Why do the people sing?

There's a catchy song in the musical version of 'Les Miserables' that asks if you can hear the people sing, lately I've been wondering why the people sing?  In the musical, besides for the bawdy and uncouth 'Master of the House,' most of the singing reflects the title of the show: the miserable.  The people sing because they are dying, thwarted in love, left to rot in chains, denied justice, are cold and hungry, are overlooked and lonely, or have watched their dreams wither and die.  But despite the overwhelming darkness, evil, injustice, and misery, there is a theme of redemption, hope, and love undying that runs through the whole saga like a lifeline, giving meaning to their despair and comfort in their angst; their songs and prayers do not go unheard nor unanswered.  While watching the cast interviews on the 'extras' of the movie version of the musical, no one was untouched by the story, and they couldn't say enough good things of how 'Occupy Wall Street' and 'Lee's Miserables' were just such touching examples of the barricade scene and its high but crushed hopes of oppressed humanity.

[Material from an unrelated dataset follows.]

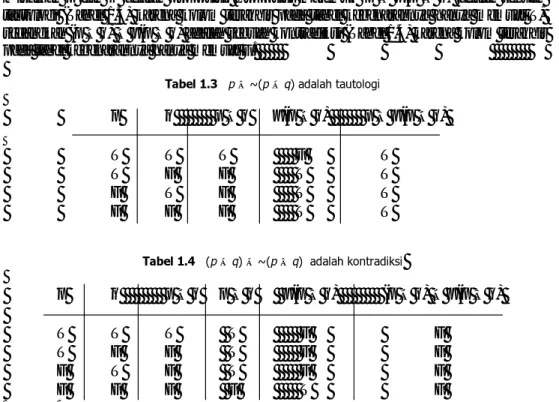 Tabel 1.3   p ∨ ~(p ∧ q) adalah tautologi 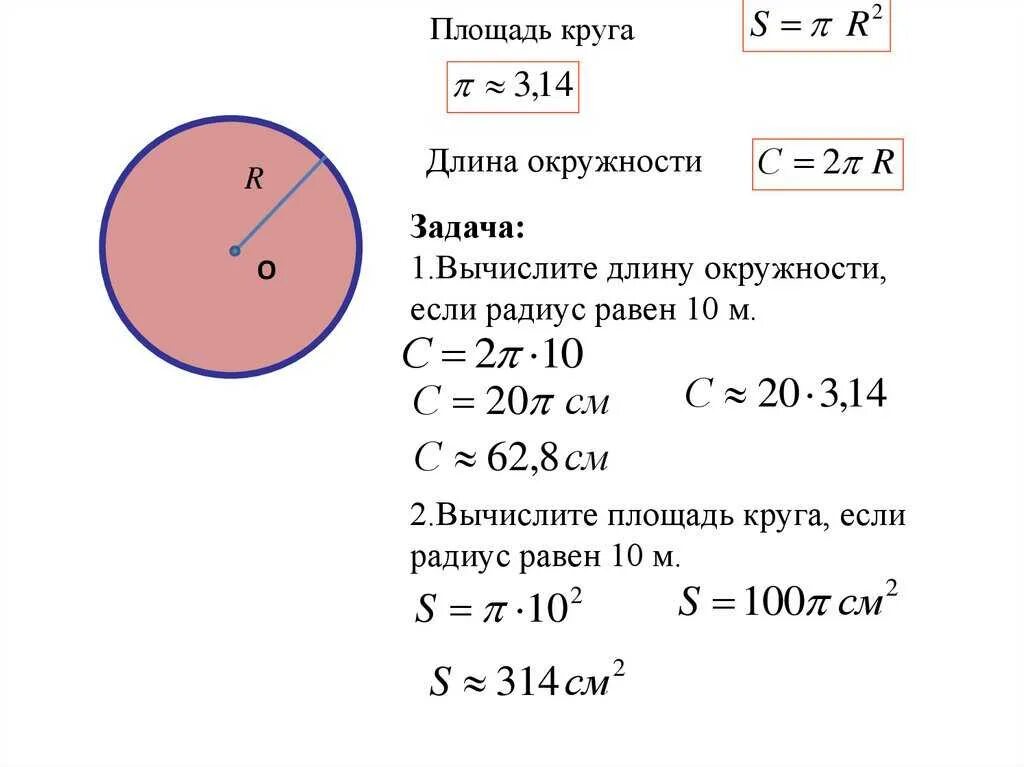 Как решить площадь круга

I found it vastly amusing, but also rather horrifying that they all missed the point entirely.  Lee's Miserables?  Disheartened Confederate soldiers of the American Civil War (they were the pro-slavery side, by the way!).  Occupy Wall Street?  A now forgotten uprising of dissatisfied hipsters, really?  The barricade scene was a plot point, not the whole point of the story!  The theme is redemption and hope not born of this world, not a celebration of the crushed but immortal dreams of humanity.  The people sing because they hope, know, want, need, desire something beyond the mere human cruelty and indifference all around them, they are prayers set to music, not because they think someone will hear their song and have mercy but because they are expressing the deepest longings, yearnings, and needs of the human heart and the answer does not lie within the purview of our fellow men, if it did, we should have already established a utopia somewhere or somewhen upon this mortal earth, but that Kingdom has not yet and will never arise, at least without a change of management.

The other day I ran across a 'song list for PTSD' and curious, I followed the link and was given 32 secular songs that are supposed to help you make it through your darkest night.  I was depressed just reading the list so I'm not sure how it is supposed to help you in the midst of a traumatic attack of your darkest nightmares made real, ugh!  Why do the people sing?  This was a list of 32 famous songs spanning decades of musical invention but there was nary a hint of hope or light amongst them.  You can sing about being happy, but why are you happy?  If the nihilistic nightmare of modern culture is real, why are you singing?  If all comes from nothing and to nothing it will go, if you will die and everything you were and did means nothing, why are you singing?  Children will sing when they are excited or happy, they enjoy many a mindless and nonsensical ditty, but those are not the songs I question: they are mere nonsense and fun and quite at home in a pointless universe.  But why do Men sing, grown adults whose minds are troubled or whose hearts are moved by some grandiose feeling of joy or horror?

Our modern popular music seems nothing more than those childish ditties turned to darkness, infant joys turned to ash by an indifferent and pleasure seeking world; 'Master of the House' is our only anthem though sung in a million variations.  Like our philosophy, there is nothing behind our music, it has no heart, it means nothing and to nothing it shall return.  But we need not go tuneless through the twilit world, for there is real music, songs that mean something and connect us to a larger world, a world beyond our own, where there is One who hears, and like the benighted folk of the musical, when we have no more tears or words or hope, only a dismal song in the night, He has promised joy in the morning.  Unless we miss the point entirely, like the cast of the movie, and mistake one short act for the entire show.  Why do you sing?  What is your inspiration?